Tuesday, 15 January 2013
Appreciating the here and now
Every so often I am struck by the wonder of a particular moment I am experiencing. It's a kind of, "wow. There is nothing better I could possibly be doing right now" moment. It happened yesterday afternoon....
My son was home from nursery and I was starting to cook dinner. Both children were in the kitchen with me playing happily while I was preparing vegetables and such like. We had the radio on and a song came on that I started singing along to and dancing to. Then I noticed my one-year old daughter dancing and then my son joined in and the three of us were dancing and laughing there in the kitchen together. That's when I had the thought about what a special moment it was and for several reasons.
It wasn't so long ago when the pre-dinner hours were stressful and a little unpleasant if truth be told. I rarely had the luxury of starting to cook a dinner from scratch at that time, as my daughter was often tired, hungry and generally a bit irritable. If I wasn't holding her or sitting on the floor with her, there would be loud crying and it would be a difficult time for both my son and I. So at that moment in the kitchen yesterday, I got a real appreciation for the fact that those trying times are behind us and that the early evenings generally tend to be a lot more relaxed and enjoyable these days.
I also recognised the fact that my son and daughter can now play together more than they've ever been able to before. My daughter loves 'hiding' under the kitchen table. She'll go under the table and shout 'hello' and will then reappear with a big grin on her face.

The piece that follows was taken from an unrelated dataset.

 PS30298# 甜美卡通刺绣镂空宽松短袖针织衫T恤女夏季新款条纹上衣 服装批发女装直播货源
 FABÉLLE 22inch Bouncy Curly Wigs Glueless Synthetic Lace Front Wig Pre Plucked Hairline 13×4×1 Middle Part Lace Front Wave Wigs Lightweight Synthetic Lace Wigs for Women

My son, recognising that his sister likes going under the table, now likes to join her under there and pretend it's their little house. That's what they were doing yesterday before the dancing. It's lovely to see them happily playing together and I think back to when she was a little baby and none of that was even possible. Now they can roll a ball to one another, or push a car back and forth....

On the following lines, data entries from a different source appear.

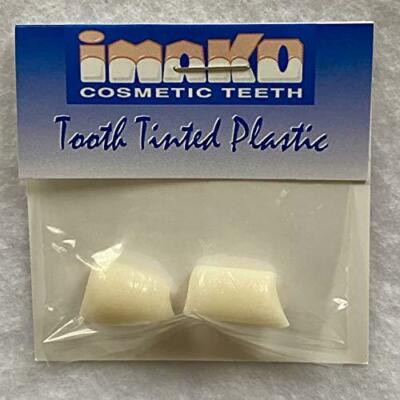 Imako Cosmetic Teeth Extras- Tooth Tinted Plastic- Natural Color. Temporary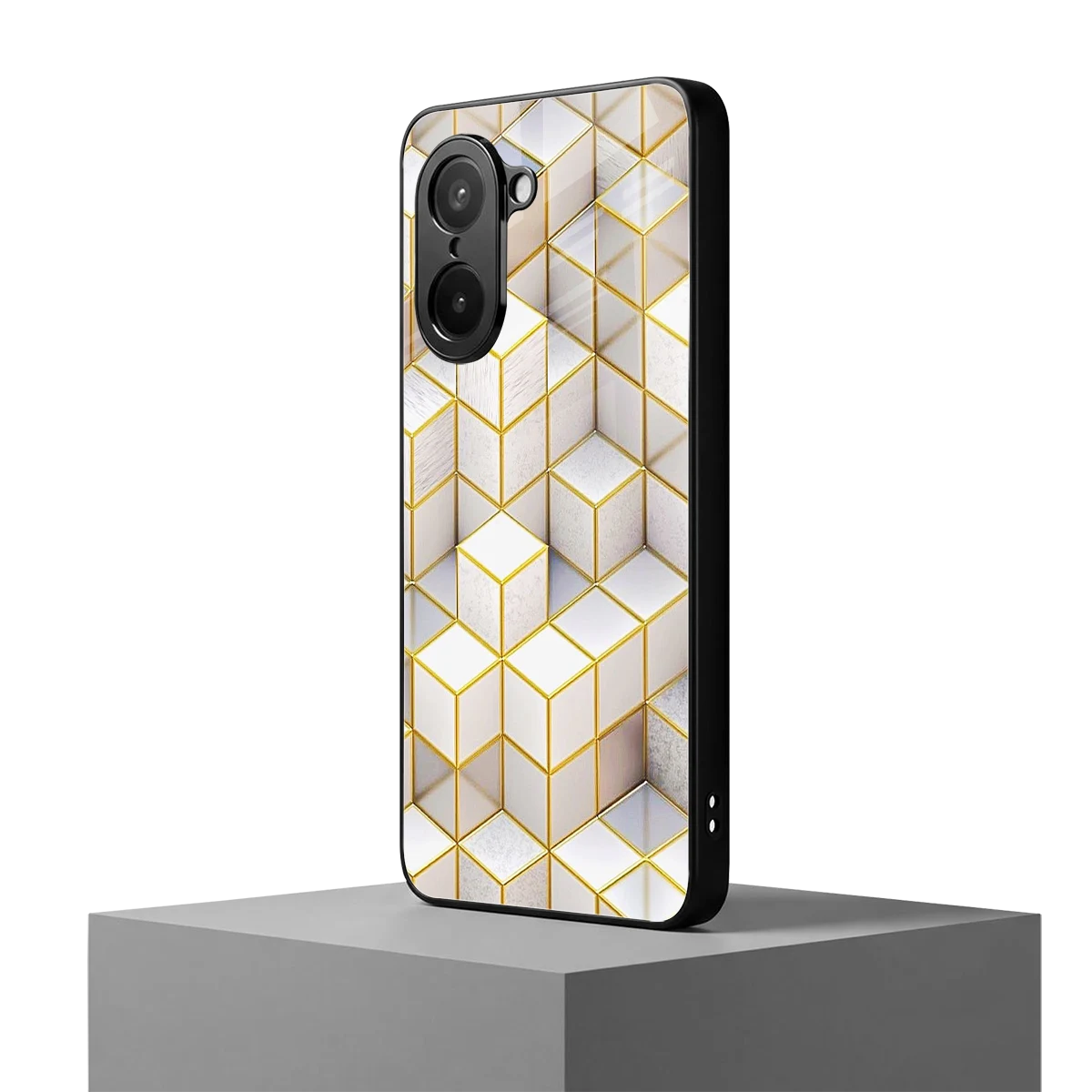 Golden Geometry oneplus nord ce5 5g mobile cover | shockproof glass phone case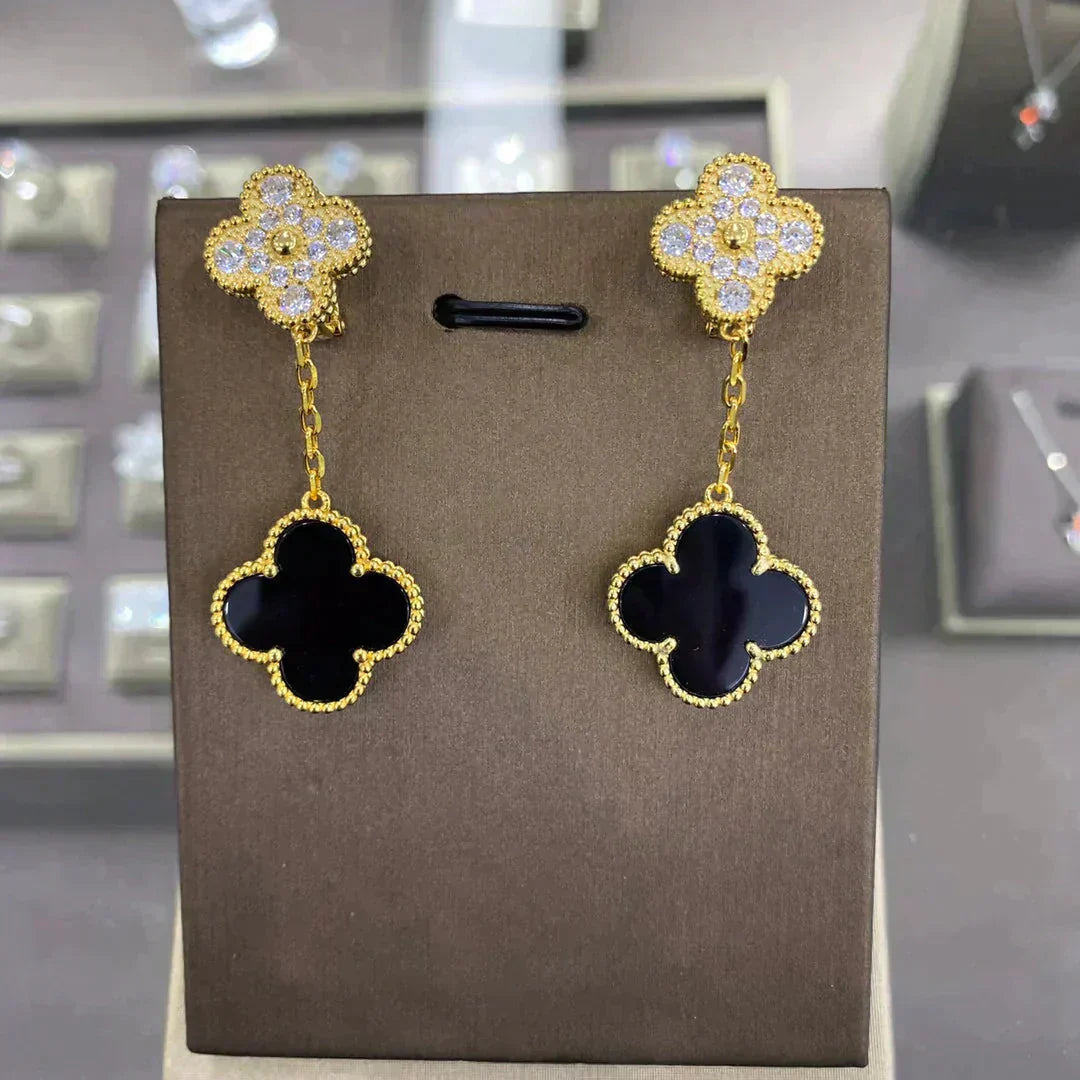 [WZQ]CLOVER  2 MOTIFS  DIAMOND  EARRINGS (MULTIPLE CHOICESç´
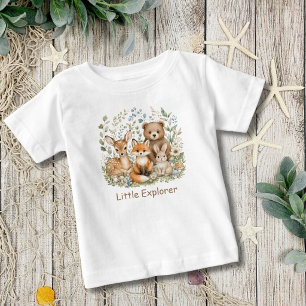 Camiseta De Bebé Animales del Bosque Personalizado sin Género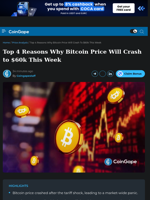 Top 4 Reasons Why Bitcoin Price Will Crash to $60k This Week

Finally, there was the thought that any mother gets often enough, of just how wonderful my two children are, how happy they make me and how thankful I am to have these two little people in my life.

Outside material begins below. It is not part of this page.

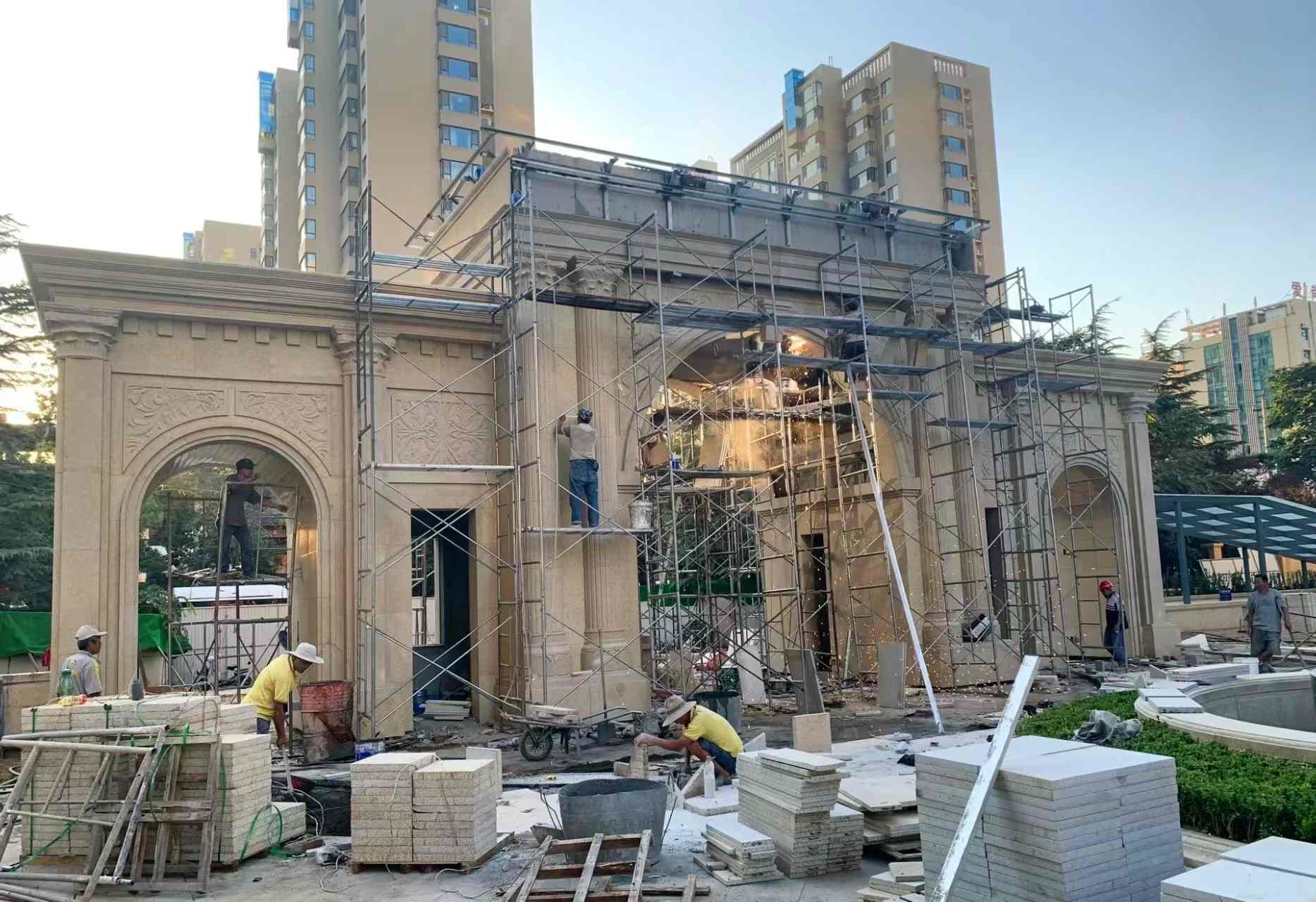 牡丹江 黄金麻荔枝面花岗岩小区门楼外墙干挂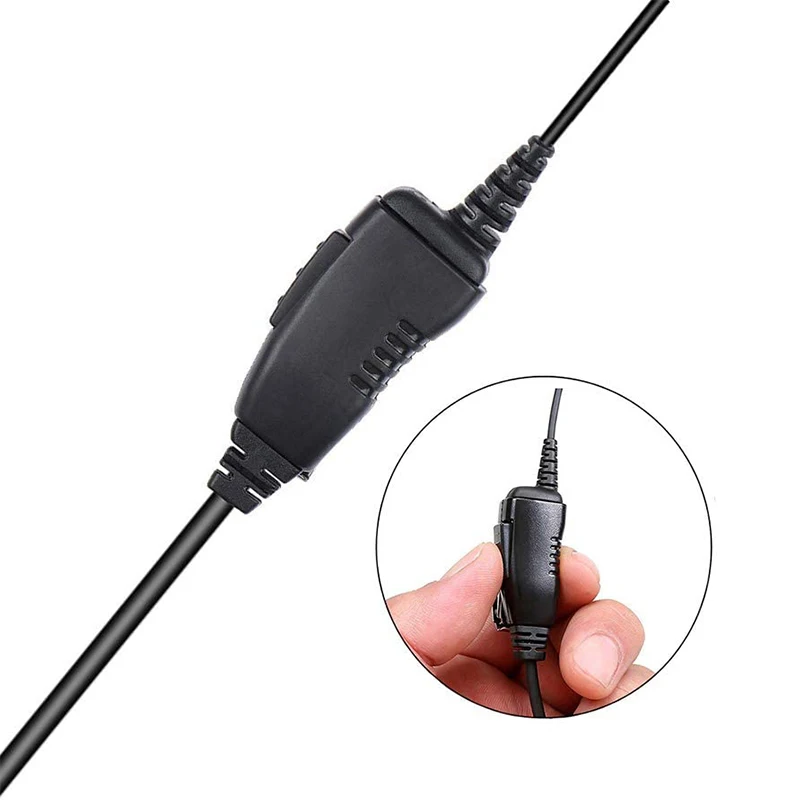 Walkie Talkie Earpiece Headset with PTT Mic Compatible with Motorola CP200 CP200D CLS1110 CLS1410 CLS1450 GP300 GP308 2 Pin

All in all, I was reminded of how important it is to stop and think about the here and now and be as grateful for the good times, as we are challenged by the difficult times. Some days it feels like a mission to make it from breakfast to bedtime, keeping everything together and we tend to focus on what needs to be done next or even wishing away the hours on a bad day. We shouldn't need anything special to happen to make us appreciate the here and now but sometimes we simply forget to look at what's right there in front of us.
When things go well, we often don't even stop to consider them and it's the frustating times that get most of our attention and energy. If we tried to make ourselves look at the here and now, as an outsider might, we'd probably surprise ourselves at just how well things go most of the time. Next time you're doing something, try to resist thinking about what you have to do next or how long is it til their bedtime. Look at what's happening in front of you, be aware and see what you might have otherwise been missing.